Role-Based Entitlements is designed to allow you to make sweeping changes to entitlements such as accounts, based on membership in the policy. This means, however, that mistakes made in changing policies could be a concern. The driver configurations that ship with Identity Manager use the most benign settings. You should understand which settings help to avoid loss of data.
The two kinds of settings that make the most difference are interpretive variables and conflict resolution. See Controlling the Meaning of Adding or Removing Entitlements and Conflict Resolution between Entitlement Policies.
For example, we recommend that you never use delete as the value for the interpretive variable for removing an account. Role-Based Entitlements allows you to make major changes in your production environment without going through a test cycle, and it's possible you could make a mistake that would remove an account entitlement from someone without meaning to.
An administrator could safeguard data by making sure the interpretive variable for revoking accounts is set to disable instead of delete.

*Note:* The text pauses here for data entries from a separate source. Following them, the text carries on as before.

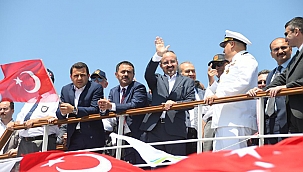 GELİBOLU'NUN FETHİ KUTLANDI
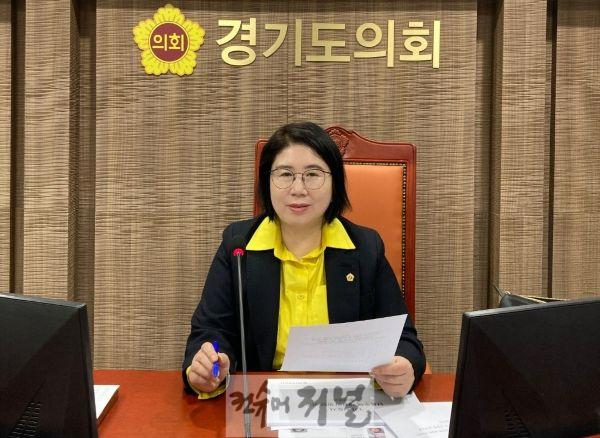 이서영 도의원, 분당지구 단독주택용지 건축규제 완화하는 도시관리계획 변경 결정 환영.jpg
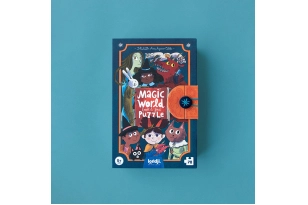 Puzzle Magic World - Busca y encuentra
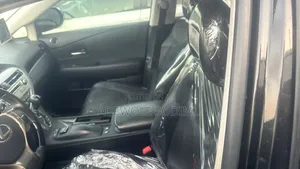 Lexus RX 2013 Black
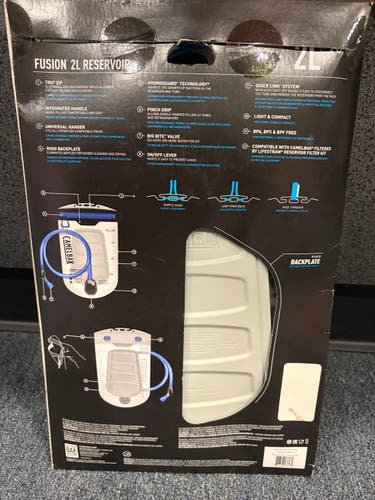 Camelbak Fusion 2L Reservoir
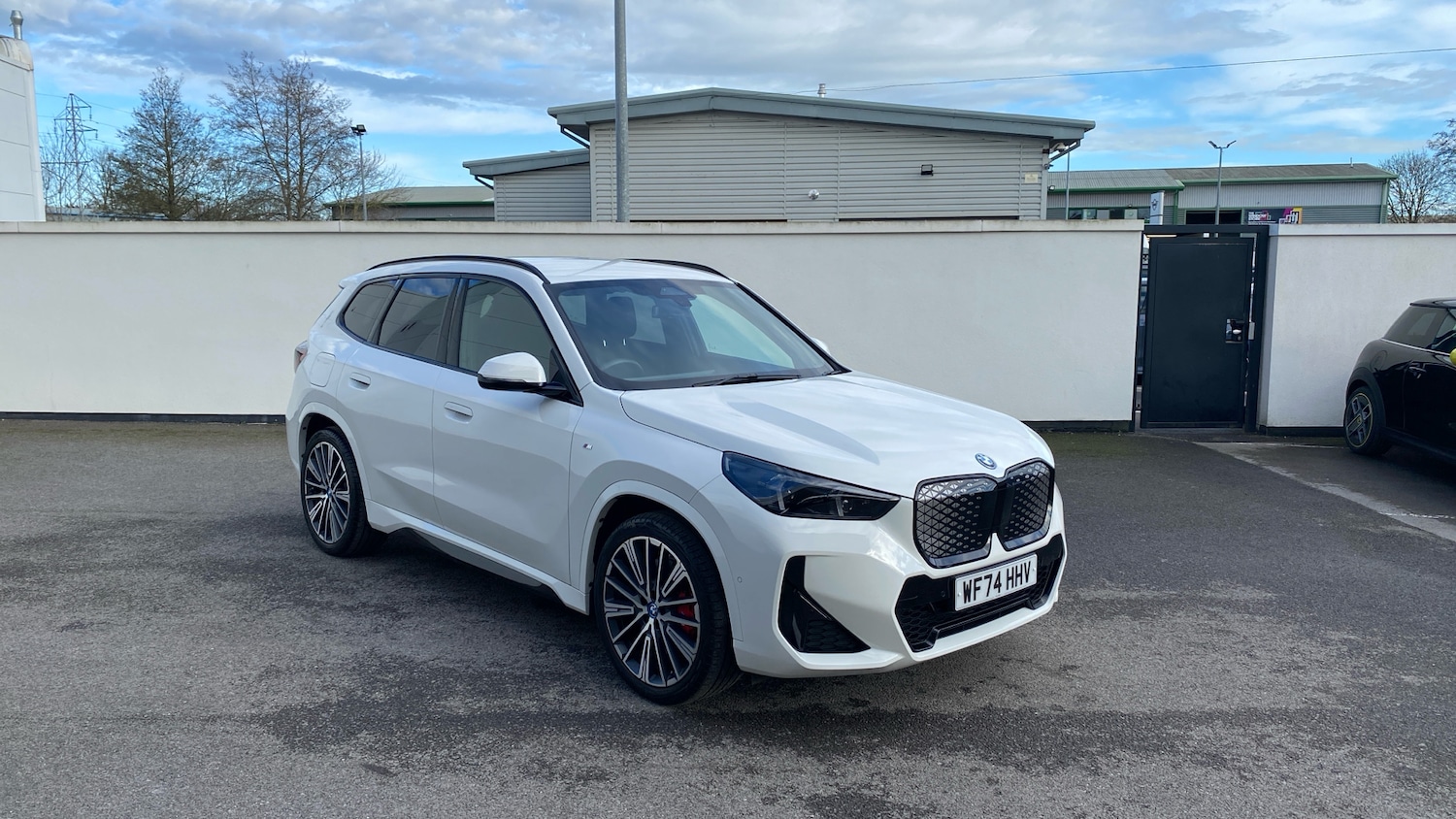 Used BMW iX1 2024 for sale - 77446131: Photo 25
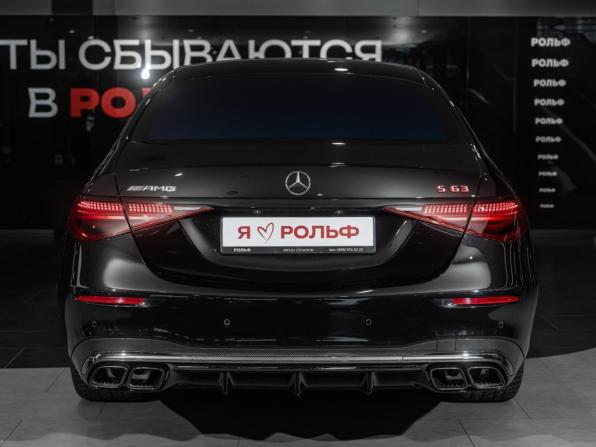 Mercedes-Benz S-Класс AMG IV (W223) с пробегом 2023 года, цена 20 950 000 рублей, 28777 км, седан, Автокод Объявления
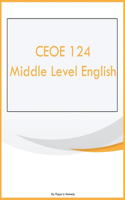 CEOE 124 Middle Level English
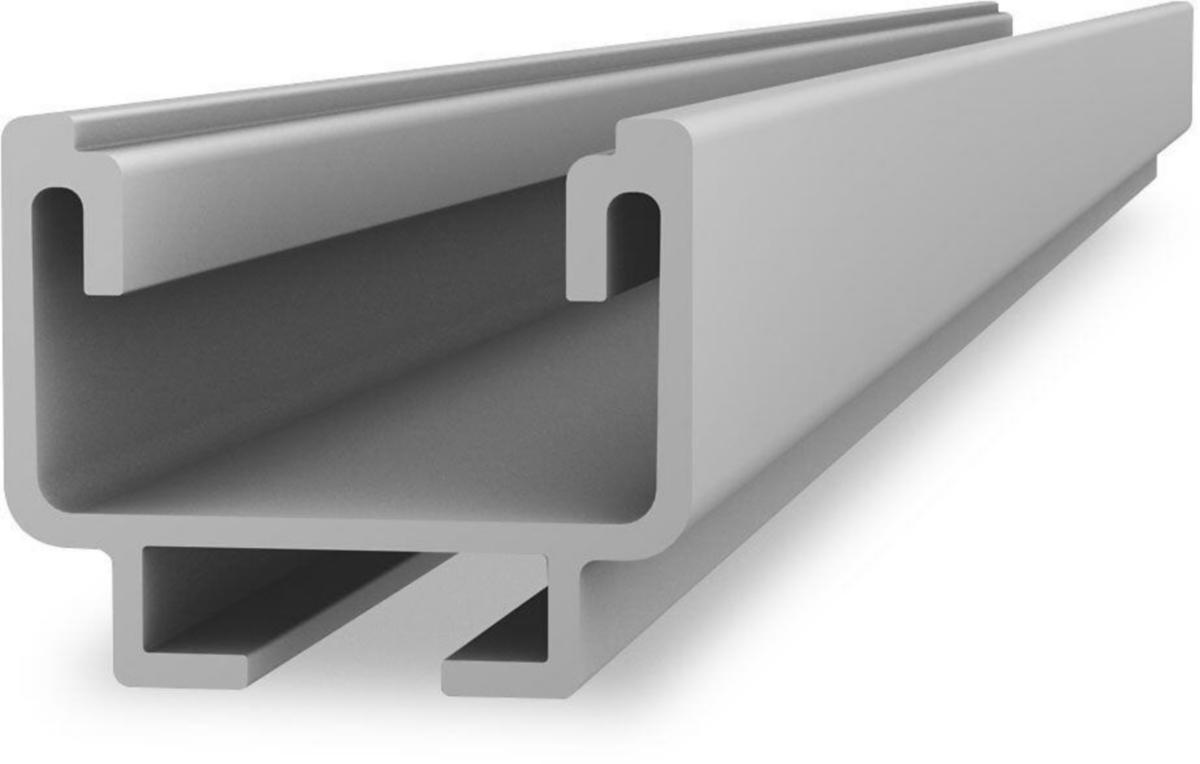 Asennuskisko K2 SolidRail - ASENNUSKISKO K2 SOLIDRAIL K2 SOLIDRAIL UL 2,25 M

As another measure to protect your data when you edit or create a new entitlement policy, the driver is turned off so that changes are not made while your editing of policies is incomplete. You can then manually restart the driver when you are finished, using the Restart button in the Entitlement Policies interface. Similarly, if another user appears to be editing Entitlement Policies, and you try to restart the driver using the Restart button, you are prompted not to restart the driver until the other user is finished making changes.